Sou linguista de formação e me incomodo cada vez que vejo dúzias de replicações de uma postagem que ridiculariza cartazes e pichações que trazem em algum “erro” (as aspas são propositais, veremos o porquê depois). Tais “erros” normalmente são expressos pela materialização de algum pecado ortográfico ou alguma impropriedade de concordância verbal ou nominal. A brincadeira ganhou proporções que eu jamais imaginaria. Até grandes jornais (como a Folha de S.Paulo), que já não são há tempos o exemplo mais conservador de nossa última Flor do Lácio – Olavo Bilac que me perdoe – entraram na brincadeira. Outros exemplos de tal preconceito seriam um respeitado site de entretenimento (Catraca Livre) que divulgou um pretenso jogo de gramática de uma editora paulistana que pouco faz além de evidenciar o desconhecimento de expressões gramaticais fossilizadas e curiosidades totalmente distantes do cotidiano.
Existe muito mais aí do que uma brincadeira. Estamos, na verdade, chancelando a ideia de que existem formas de falar que são melhores que outras, formas de escrever que são merecedoras de perpetuação ao contrário de outras, que merecem ser extintas. Junto com isso, está a ridicularização de quem não domina determinada variação linguística assumida como padrão. Entendo que academicismos não são muito bem vindos em blogs. Esse foi o último, prometo ser direto daqui para frente, nada de ficar citando mil estudos, usar termos técnicos incompreensíveis. Tratarei a questão com a mesma informalidade que a trataria em uma mesa de bar, usando exemplos do meu próprio cotidiano.
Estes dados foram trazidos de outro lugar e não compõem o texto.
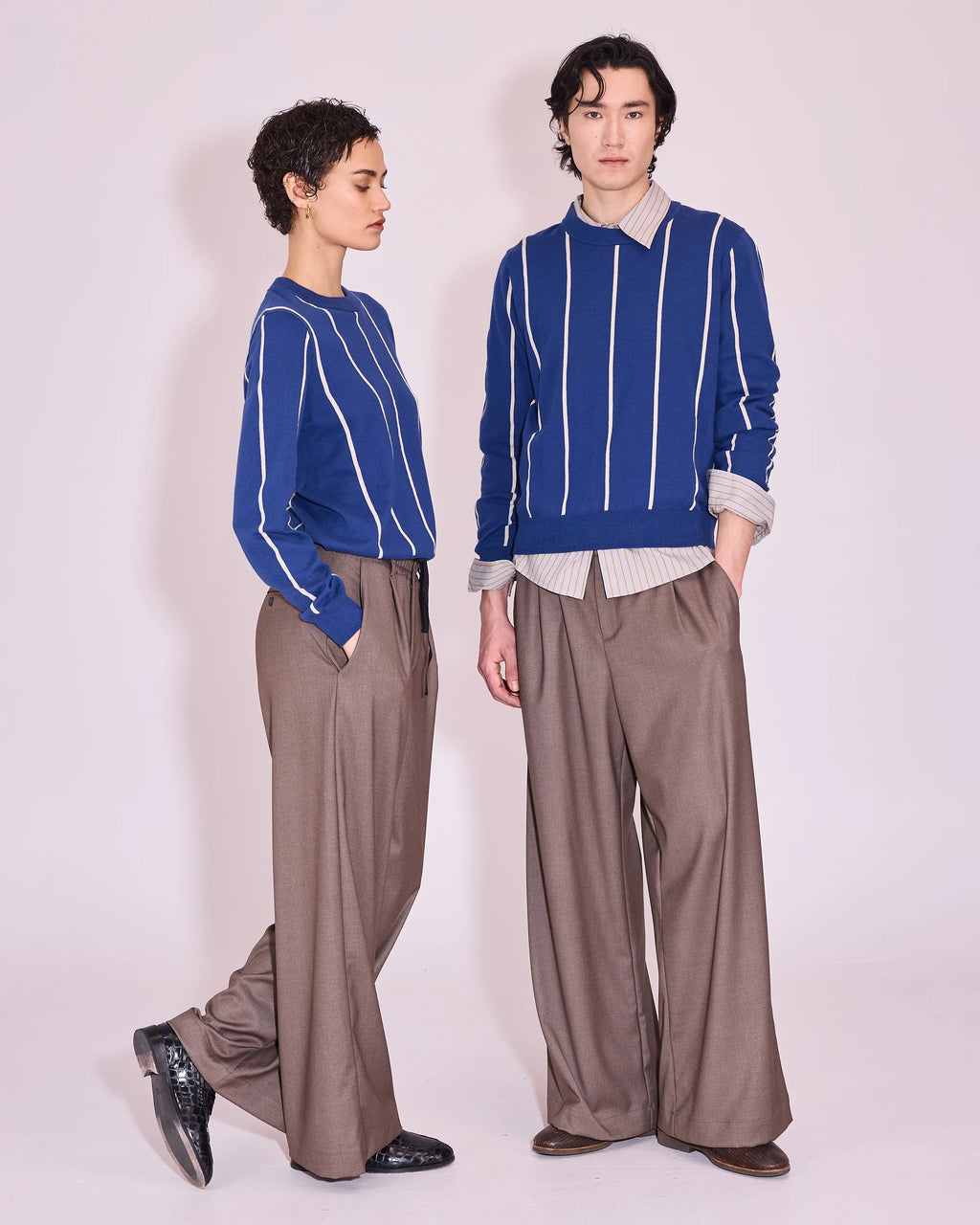 James broek taupe melee - nathalie Vleeschouwer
O que é o português? Responda-me rápido, quem definiu o português? Por que bregela é mais errado que berinjela? Perguntas bem difíceis, acho que os dois (ou talvez mais) anos que estudei sociolinguística, nos meus idos tempos de graduação na PUC-SP, não oferecem uma resposta direta. Não pela incapacidade do professor, que sempre foi brilhante, mas porque ela não é simples mesmo, nunca foi. Tentarei resumir com minhas próprias palavras em um período simples, assertivo e sem modalização: a língua portuguesa não existe. Que susto! Como assim?
Fenômeno geral
Na verdade, o que existe é uma abstração a partir do que as pessoas falam. Uma língua se faz nas ruas, com o falar das pessoas em suas expressões naturais e cotidianas. É a partir disso que algum estudioso determinou que, em uma dada língua, a estrutura é assim ou assado. Nossos falares são múltiplos, variam de acordo com sexo, idade, localização geográfica, influências externas, classe social e, apesar de muitos não dizerem, acredito claramente que a orientação sexual também é algo a ser levado em conta.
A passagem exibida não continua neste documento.